Scraped caption text data:
= Beginning of Section =

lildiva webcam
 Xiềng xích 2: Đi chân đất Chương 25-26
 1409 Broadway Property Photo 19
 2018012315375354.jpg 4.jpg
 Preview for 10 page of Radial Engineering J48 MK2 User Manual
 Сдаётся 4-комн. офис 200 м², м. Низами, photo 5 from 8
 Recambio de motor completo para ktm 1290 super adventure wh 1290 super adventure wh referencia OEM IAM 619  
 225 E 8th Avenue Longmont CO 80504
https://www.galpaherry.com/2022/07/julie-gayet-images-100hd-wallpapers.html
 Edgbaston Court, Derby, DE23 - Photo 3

= End of Section =

- WORK REQUEST -
The answer must be the lines from the one containing "1409 Broadway Property Photo 19" to the final line of the data above, copied exactly, both included, with nothing added.

- SOLUTION FOR THIS PROBLEM -
 1409 Broadway Property Photo 19
 2018012315375354.jpg 4.jpg
 Preview for 10 page of Radial Engineering J48 MK2 User Manual
 Сдаётся 4-комн. офис 200 м², м. Низами, photo 5 from 8
 Recambio de motor completo para ktm 1290 super adventure wh 1290 super adventure wh referencia OEM IAM 619  
 225 E 8th Avenue Longmont CO 80504
https://www.galpaherry.com/2022/07/julie-gayet-images-100hd-wallpapers.html
 Edgbaston Court, Derby, DE23 - Photo 3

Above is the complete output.